* DATA FOR THE TASK
Start of Block
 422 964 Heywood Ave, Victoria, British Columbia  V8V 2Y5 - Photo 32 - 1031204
End of Block
Start of Block
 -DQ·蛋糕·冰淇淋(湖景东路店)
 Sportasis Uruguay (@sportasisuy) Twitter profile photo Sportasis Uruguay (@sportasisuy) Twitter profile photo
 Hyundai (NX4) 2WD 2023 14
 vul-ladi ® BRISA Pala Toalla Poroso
End of Block
* PROBLEM TO WORK ON
Looking at the data above, return every line from the one with "Sportasis Uruguay (@sportasisuy) Twitter profile photo Sportasis" down to the one with "vul-ladi ® BRISA Pala Toalla Poroso", exactly and inclusively.

* PROBLEM SOLUTION
 Sportasis Uruguay (@sportasisuy) Twitter profile photo Sportasis Uruguay (@sportasisuy) Twitter profile photo
 Hyundai (NX4) 2WD 2023 14
 vul-ladi ® BRISA Pala Toalla Poroso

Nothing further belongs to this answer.